> [Assignment]
Of the lines below, write out exactly those from the line with "Ownice quad core" through the line with "新质生产力:创新驱动下的未来生产力形态", both included, and skip the rest.

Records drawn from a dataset
- - -
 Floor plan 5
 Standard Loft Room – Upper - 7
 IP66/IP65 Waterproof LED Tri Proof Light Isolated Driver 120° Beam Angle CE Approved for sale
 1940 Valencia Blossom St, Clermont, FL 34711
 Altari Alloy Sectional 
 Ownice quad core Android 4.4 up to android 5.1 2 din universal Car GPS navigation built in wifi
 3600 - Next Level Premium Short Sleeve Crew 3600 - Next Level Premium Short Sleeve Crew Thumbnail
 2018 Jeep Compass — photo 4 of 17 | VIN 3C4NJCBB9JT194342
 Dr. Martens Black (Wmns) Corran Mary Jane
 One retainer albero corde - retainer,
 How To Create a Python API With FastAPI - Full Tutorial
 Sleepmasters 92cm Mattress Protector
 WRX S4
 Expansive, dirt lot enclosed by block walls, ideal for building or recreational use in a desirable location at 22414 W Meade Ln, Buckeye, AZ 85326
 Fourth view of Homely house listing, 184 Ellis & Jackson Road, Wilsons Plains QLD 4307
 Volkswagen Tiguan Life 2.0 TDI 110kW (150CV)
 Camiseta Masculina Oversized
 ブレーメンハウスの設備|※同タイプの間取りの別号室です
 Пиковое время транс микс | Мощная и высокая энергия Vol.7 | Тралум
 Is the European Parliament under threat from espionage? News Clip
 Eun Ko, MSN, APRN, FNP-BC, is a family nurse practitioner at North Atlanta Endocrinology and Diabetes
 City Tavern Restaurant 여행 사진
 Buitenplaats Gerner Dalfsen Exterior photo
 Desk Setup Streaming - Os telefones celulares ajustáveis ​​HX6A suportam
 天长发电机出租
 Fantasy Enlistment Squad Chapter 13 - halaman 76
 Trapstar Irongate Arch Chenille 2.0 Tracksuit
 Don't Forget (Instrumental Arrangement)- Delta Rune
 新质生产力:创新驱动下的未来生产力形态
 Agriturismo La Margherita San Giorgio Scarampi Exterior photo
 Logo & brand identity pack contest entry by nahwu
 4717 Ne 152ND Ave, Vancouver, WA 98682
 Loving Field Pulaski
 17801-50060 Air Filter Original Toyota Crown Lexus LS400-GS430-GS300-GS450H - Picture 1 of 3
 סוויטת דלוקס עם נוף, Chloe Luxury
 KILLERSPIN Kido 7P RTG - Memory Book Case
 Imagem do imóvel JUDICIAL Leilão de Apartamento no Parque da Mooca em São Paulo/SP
- - -
> [Solution to the exercise]
 Ownice quad core Android 4.4 up to android 5.1 2 din universal Car GPS navigation built in wifi
 3600 - Next Level Premium Short Sleeve Crew 3600 - Next Level Premium Short Sleeve Crew Thumbnail
 2018 Jeep Compass — photo 4 of 17 | VIN 3C4NJCBB9JT194342
 Dr. Martens Black (Wmns) Corran Mary Jane
 One retainer albero corde - retainer,
 How To Create a Python API With FastAPI - Full Tutorial
 Sleepmasters 92cm Mattress Protector
 WRX S4
 Expansive, dirt lot enclosed by block walls, ideal for building or recreational use in a desirable location at 22414 W Meade Ln, Buckeye, AZ 85326
 Fourth view of Homely house listing, 184 Ellis & Jackson Road, Wilsons Plains QLD 4307
 Volkswagen Tiguan Life 2.0 TDI 110kW (150CV)
 Camiseta Masculina Oversized
 ブレーメンハウスの設備|※同タイプの間取りの別号室です
 Пиковое время транс микс | Мощная и высокая энергия Vol.7 | Тралум
 Is the European Parliament under threat from espionage? News Clip
 Eun Ko, MSN, APRN, FNP-BC, is a family nurse practitioner at North Atlanta Endocrinology and Diabetes
 City Tavern Restaurant 여행 사진
 Buitenplaats Gerner Dalfsen Exterior photo
 Desk Setup Streaming - Os telefones celulares ajustáveis ​​HX6A suportam
 天长发电机出租
 Fantasy Enlistment Squad Chapter 13 - halaman 76
 Trapstar Irongate Arch Chenille 2.0 Tracksuit
 Don't Forget (Instrumental Arrangement)- Delta Rune
 新质生产力:创新驱动下的未来生产力形态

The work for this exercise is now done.